**WHAT THE TASK ASKS**
Your output must be the lines below from the line containing "Old Navy Mint" to the line containing "Hyundai Santa Fe", both lines included, reproduced exactly and without pictures.

------ PROVIDED MATERIAL

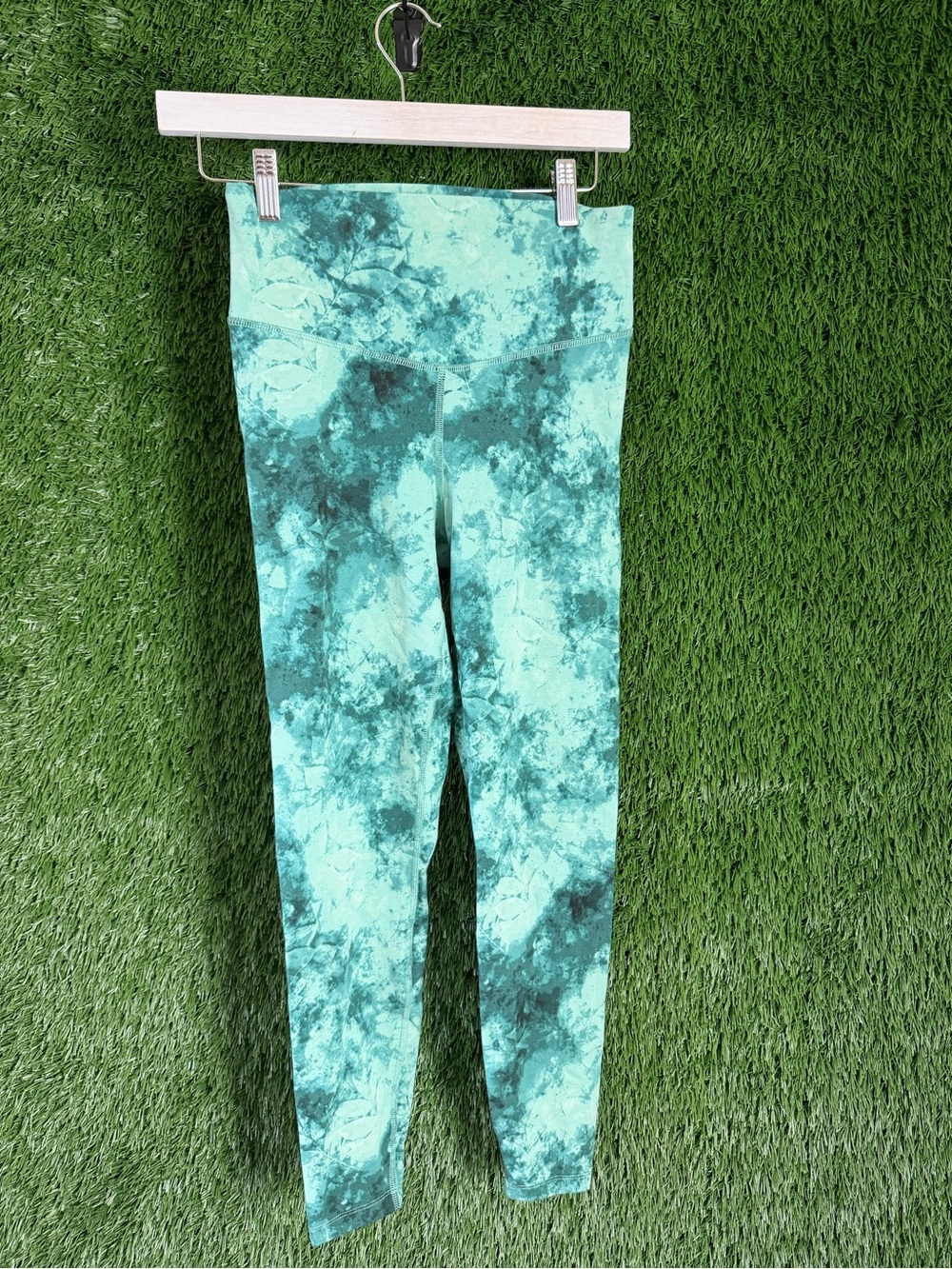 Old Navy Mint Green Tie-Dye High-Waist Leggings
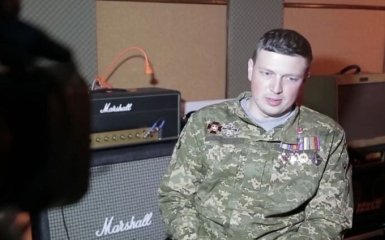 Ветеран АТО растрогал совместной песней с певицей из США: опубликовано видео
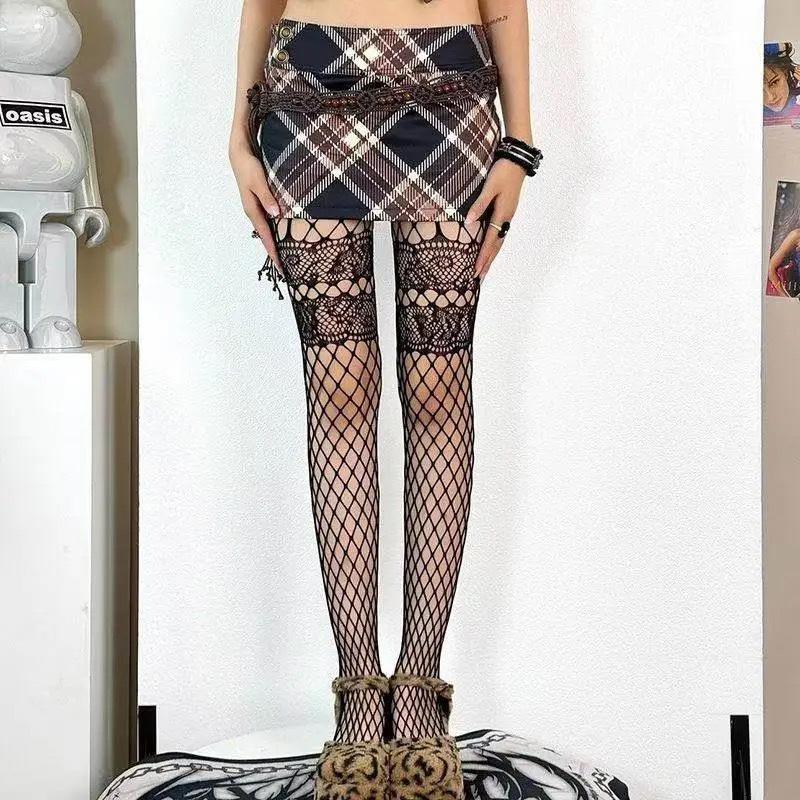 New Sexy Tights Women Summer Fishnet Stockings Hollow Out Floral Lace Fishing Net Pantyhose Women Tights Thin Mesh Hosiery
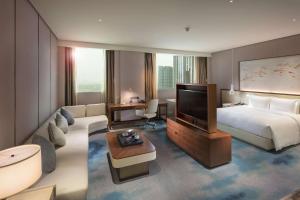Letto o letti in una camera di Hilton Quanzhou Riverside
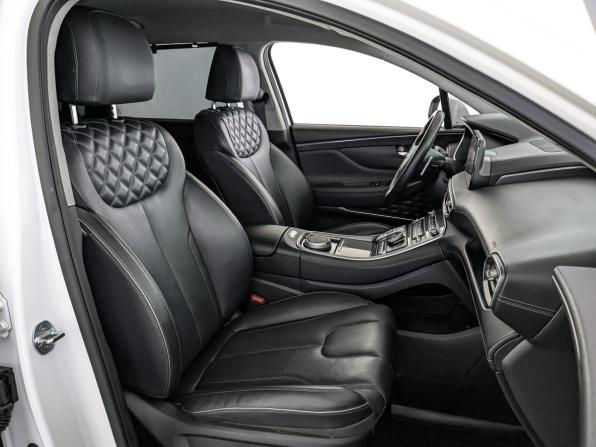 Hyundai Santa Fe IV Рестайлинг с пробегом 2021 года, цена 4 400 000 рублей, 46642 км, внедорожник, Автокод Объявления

------------
------ PROVIDED MATERIAL

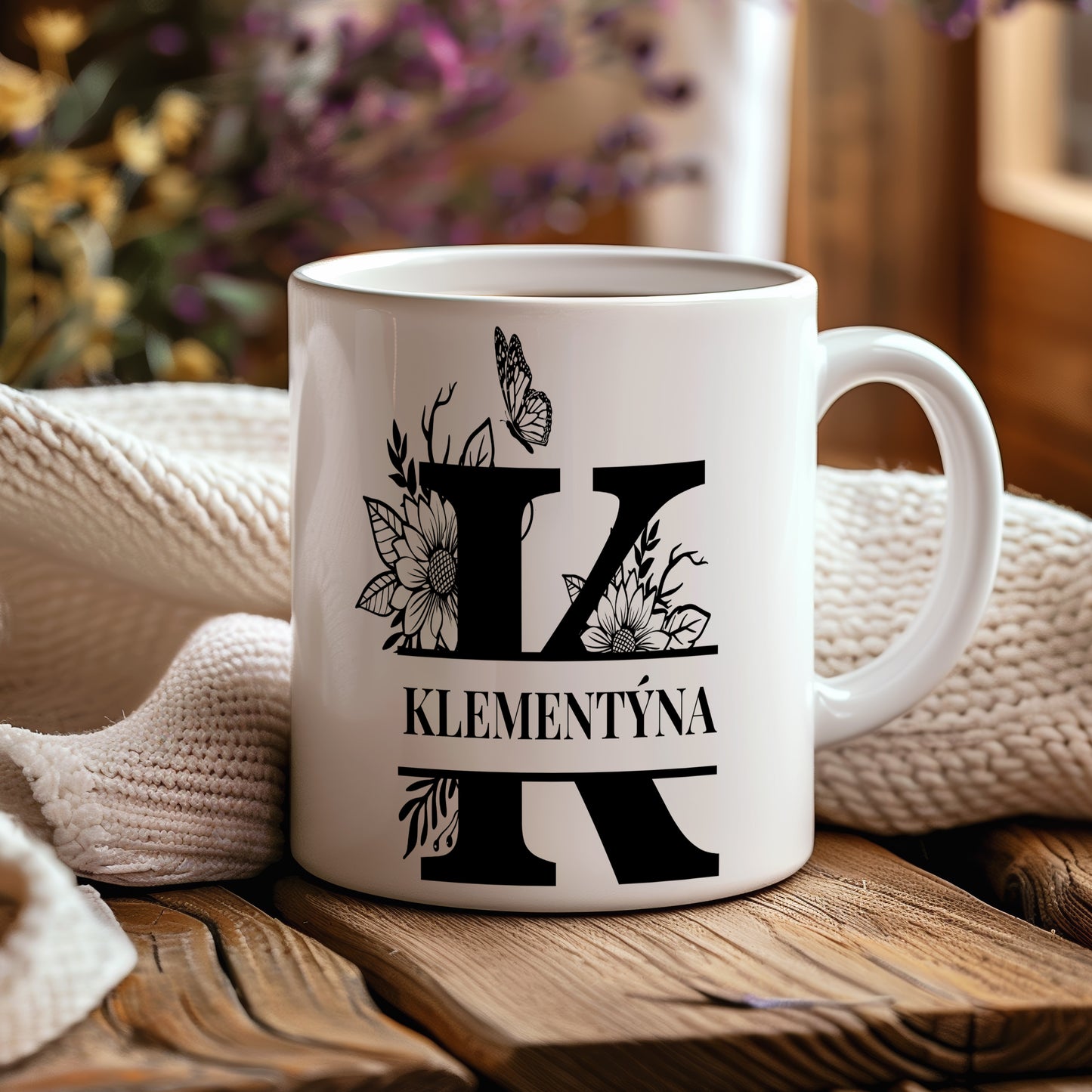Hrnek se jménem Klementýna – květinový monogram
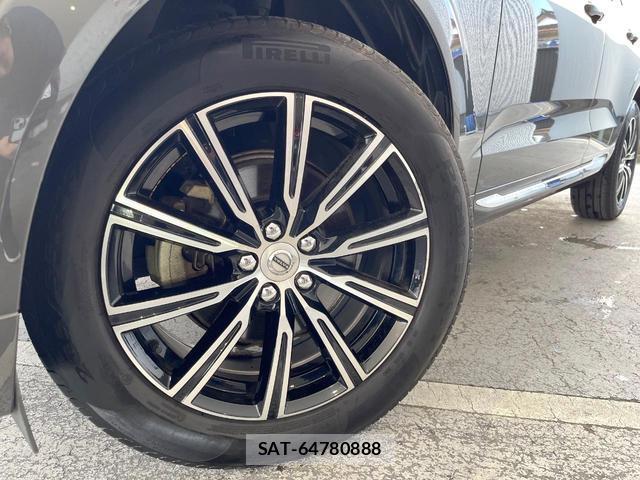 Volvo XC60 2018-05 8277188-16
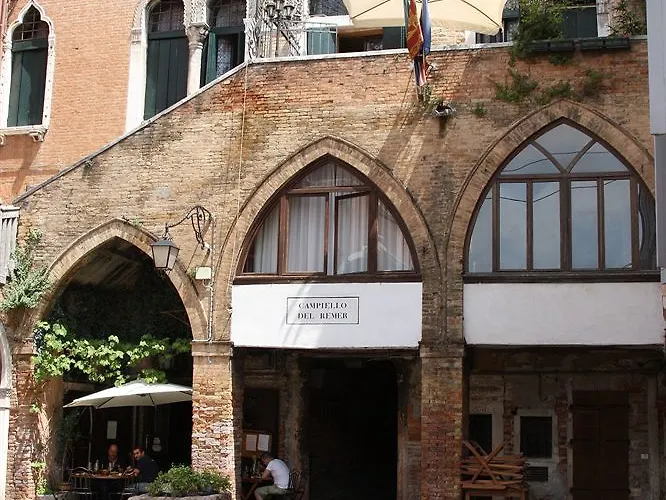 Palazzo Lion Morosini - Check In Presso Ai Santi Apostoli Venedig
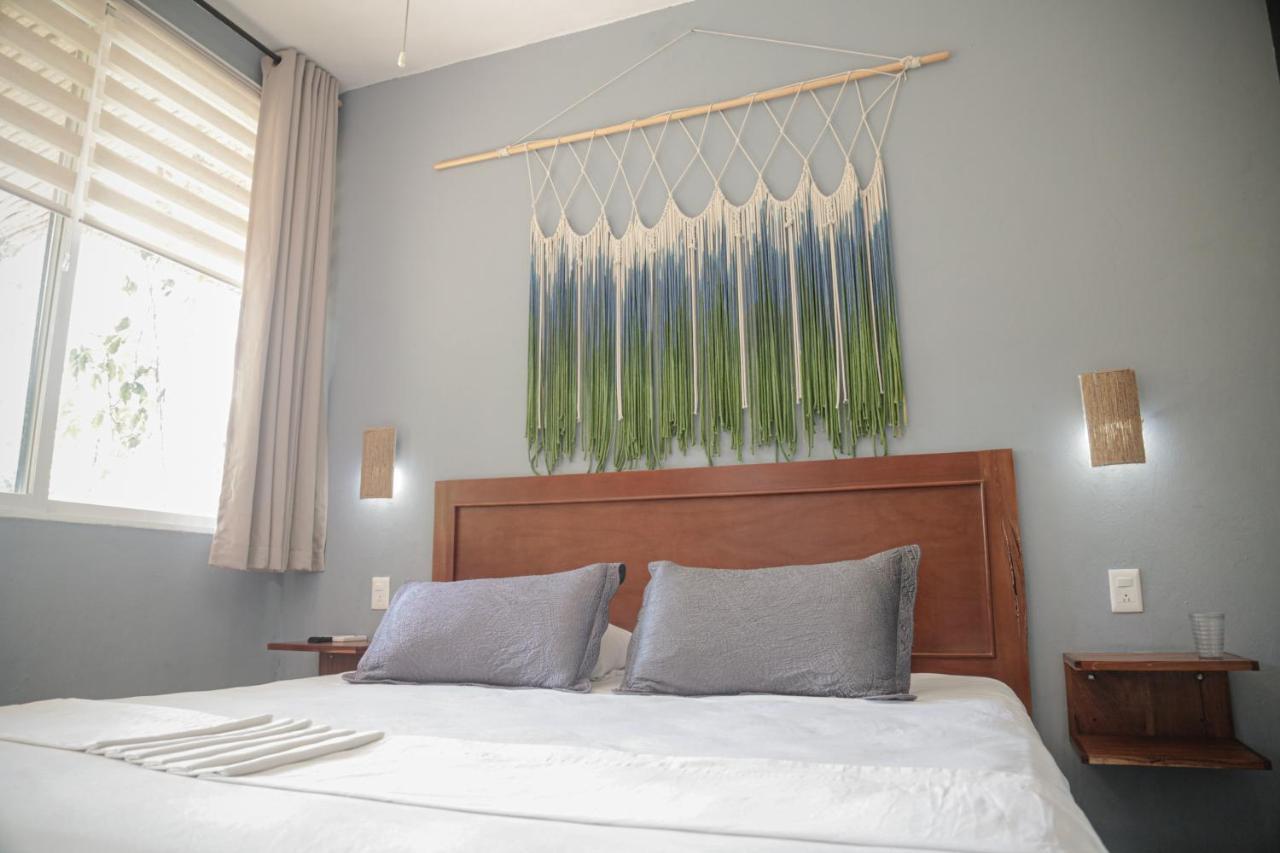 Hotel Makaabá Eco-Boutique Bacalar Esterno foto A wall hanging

------------

**EXERCISE RESPONSE**
 Old Navy Mint Green Tie-Dye High-Waist Leggings
 Ветеран АТО растрогал совместной песней с певицей из США: опубликовано видео
 New Sexy Tights Women Summer Fishnet Stockings Hollow Out Floral Lace Fishing Net Pantyhose Women Tights Thin Mesh Hosiery
Letto o letti in una camera di Hilton Quanzhou Riverside
 Hyundai Santa Fe IV Рестайлинг с пробегом 2021 года, цена 4 400 000 рублей, 46642 км, внедорожник, Автокод Объявления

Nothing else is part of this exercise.